More importantly, you can see my wood pile   its sort of funny that from the front our house looks like a cute little cottage. From the back, its this....


----------



## Dobish (Jan 18, 2019)

we have passed the roof inspection (and the inspector never got on the roof), and everything is dried in. Sheathing inspection failed because the panel that they had to remove to weld behind wasn't fastened, and when he pounded on the sheathing over the windows, it was loose (duh!)


----------



## Dobish (Jan 18, 2019)

They solved the inspector issue by cutting out the windows... 

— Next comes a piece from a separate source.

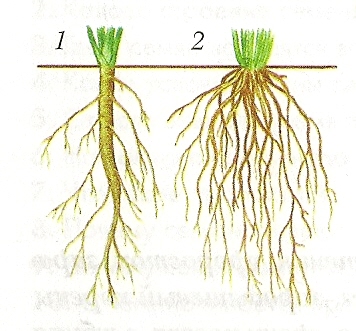 Какие типы корневых систем изображены на рисунках а и б как называются органы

View from the inside... hopefully when I get home this afternoon, there will be a few walls up


----------



## Dobish (Jan 23, 2019)

lower level walls are up- View from the corner of the kitchen.





View from the laundry room looking into the kitchen/living space.

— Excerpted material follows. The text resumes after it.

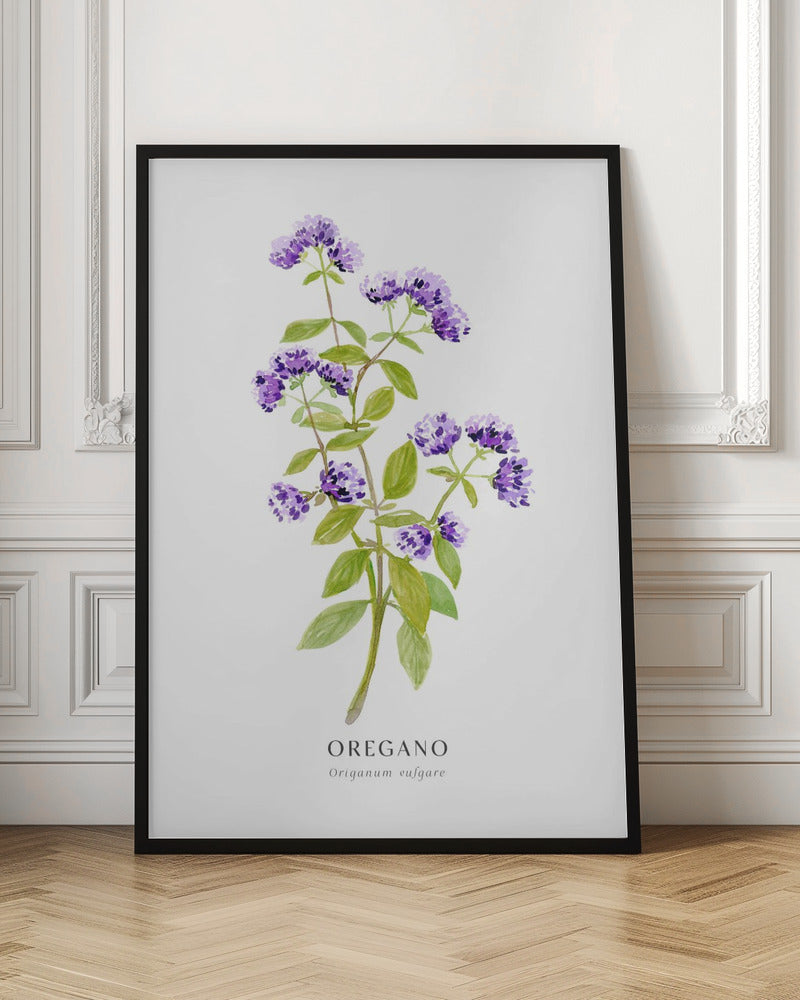 Oregano I Poster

We are running into some issues with the way they designed the deck. the thing is basically completely overkill. They wanted to do a 15" LVL, then 2x10's doubled up over it.  INSANE!


----------



## xman23 (Jan 23, 2019)

The framed out walls look to be off the floor, why? Whats the shim material under the walls?  Not understanding the deck LVL beam. Is there another deck they haven't built?


----------



## Dobish (Jan 24, 2019)

xman23 said:


> The framed out walls look to be off the floor, why? Whats the shim material under the walls?  Not understanding the deck LVL beam. Is there another deck they haven't built?

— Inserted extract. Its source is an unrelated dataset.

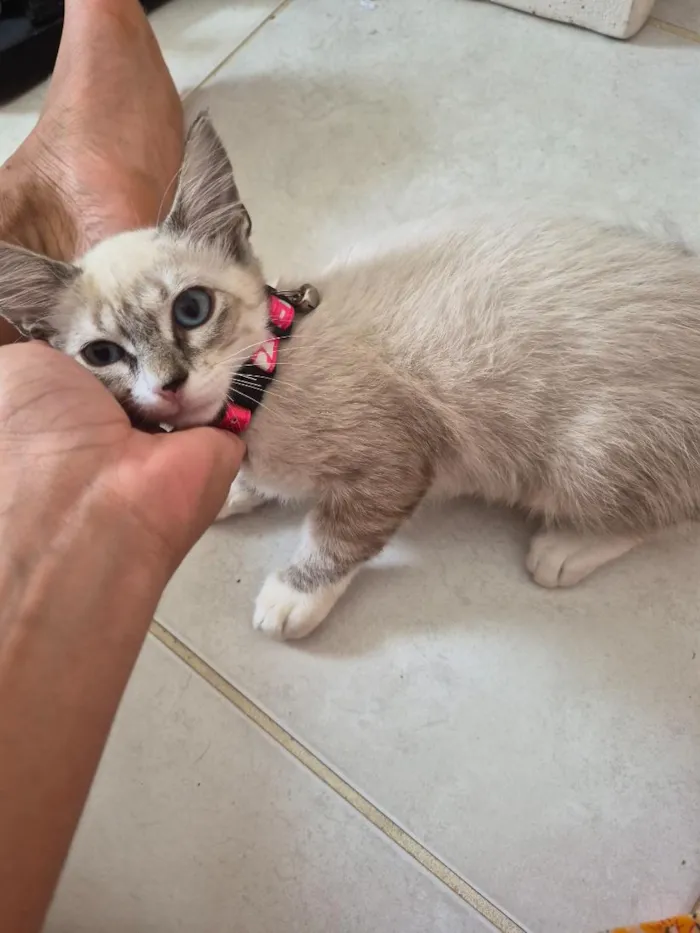 Gato raça Siamês idade 2 a 6 meses nome Luna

Building code requires floating walls in basements,  with a 2" gap and pressure treated wood directly on the concrete.  This way when the floor shifts. The drywall doesn't become structural.

We are building a big deck that they haven't started yet.  The deck goes over our existing roof and off the back.


----------



## xman23 (Jan 24, 2019)

I haven't heard of the code requirement. I'm guessing the issue is the floor settlesand would take the wall down. So the walls are hanging and will have pins into the slab that allow the floor to slide.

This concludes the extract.